Below are the entries; give again exactly the lines from the one mentioning "Mercedes-Benz E-Class 2025 thumb 4" through the one mentioning "Chcą ratować jedyne", inclusive.

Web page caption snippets
----------------

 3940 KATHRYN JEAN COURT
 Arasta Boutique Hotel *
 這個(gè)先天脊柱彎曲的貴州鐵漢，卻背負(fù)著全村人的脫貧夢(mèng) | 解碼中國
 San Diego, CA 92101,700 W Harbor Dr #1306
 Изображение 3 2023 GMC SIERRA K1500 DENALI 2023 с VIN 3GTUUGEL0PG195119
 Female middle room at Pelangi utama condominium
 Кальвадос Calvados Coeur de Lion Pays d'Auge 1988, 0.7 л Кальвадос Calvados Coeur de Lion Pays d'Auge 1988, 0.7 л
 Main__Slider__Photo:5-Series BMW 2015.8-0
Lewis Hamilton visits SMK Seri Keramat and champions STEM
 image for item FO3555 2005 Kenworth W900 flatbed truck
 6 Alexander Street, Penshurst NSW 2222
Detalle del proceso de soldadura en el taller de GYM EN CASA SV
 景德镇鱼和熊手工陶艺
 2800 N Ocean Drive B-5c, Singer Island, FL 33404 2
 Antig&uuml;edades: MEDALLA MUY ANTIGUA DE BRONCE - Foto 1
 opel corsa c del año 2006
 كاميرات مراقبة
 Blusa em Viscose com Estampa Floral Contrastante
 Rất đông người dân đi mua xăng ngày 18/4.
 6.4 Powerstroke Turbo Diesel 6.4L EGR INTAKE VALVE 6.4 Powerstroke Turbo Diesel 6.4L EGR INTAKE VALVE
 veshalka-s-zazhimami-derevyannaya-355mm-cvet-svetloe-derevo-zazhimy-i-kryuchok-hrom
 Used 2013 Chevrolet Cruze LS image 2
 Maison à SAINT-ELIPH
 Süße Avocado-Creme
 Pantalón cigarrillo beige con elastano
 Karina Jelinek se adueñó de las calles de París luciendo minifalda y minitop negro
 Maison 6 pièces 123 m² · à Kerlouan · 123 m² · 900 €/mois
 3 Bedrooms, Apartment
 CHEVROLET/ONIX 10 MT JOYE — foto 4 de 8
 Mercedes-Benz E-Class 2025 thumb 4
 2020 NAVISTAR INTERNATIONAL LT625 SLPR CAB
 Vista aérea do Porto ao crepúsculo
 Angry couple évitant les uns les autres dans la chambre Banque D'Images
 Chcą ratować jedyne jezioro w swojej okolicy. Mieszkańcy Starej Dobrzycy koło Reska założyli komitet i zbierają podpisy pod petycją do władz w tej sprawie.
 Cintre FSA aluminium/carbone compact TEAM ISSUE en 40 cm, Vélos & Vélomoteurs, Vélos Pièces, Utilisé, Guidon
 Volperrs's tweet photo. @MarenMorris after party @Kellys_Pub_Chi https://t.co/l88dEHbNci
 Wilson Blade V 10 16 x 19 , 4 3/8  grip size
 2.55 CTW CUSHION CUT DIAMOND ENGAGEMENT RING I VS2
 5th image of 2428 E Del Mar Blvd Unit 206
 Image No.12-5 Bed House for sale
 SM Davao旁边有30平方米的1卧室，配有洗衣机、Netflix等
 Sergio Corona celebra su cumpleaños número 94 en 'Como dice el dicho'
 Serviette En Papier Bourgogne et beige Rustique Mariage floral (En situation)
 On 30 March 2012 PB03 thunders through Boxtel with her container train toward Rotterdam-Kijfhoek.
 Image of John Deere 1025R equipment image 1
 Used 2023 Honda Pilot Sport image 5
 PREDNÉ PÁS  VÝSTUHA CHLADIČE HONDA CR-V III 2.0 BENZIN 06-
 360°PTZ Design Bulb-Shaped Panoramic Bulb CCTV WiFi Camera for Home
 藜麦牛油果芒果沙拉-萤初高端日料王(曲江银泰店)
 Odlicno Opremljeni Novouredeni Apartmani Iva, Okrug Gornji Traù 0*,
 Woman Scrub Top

----------------

▶ [OUTPUT]:
 Mercedes-Benz E-Class 2025 thumb 4
 2020 NAVISTAR INTERNATIONAL LT625 SLPR CAB
 Vista aérea do Porto ao crepúsculo
 Angry couple évitant les uns les autres dans la chambre Banque D'Images
 Chcą ratować jedyne jezioro w swojej okolicy. Mieszkańcy Starej Dobrzycy koło Reska założyli komitet i zbierają podpisy pod petycją do władz w tej sprawie.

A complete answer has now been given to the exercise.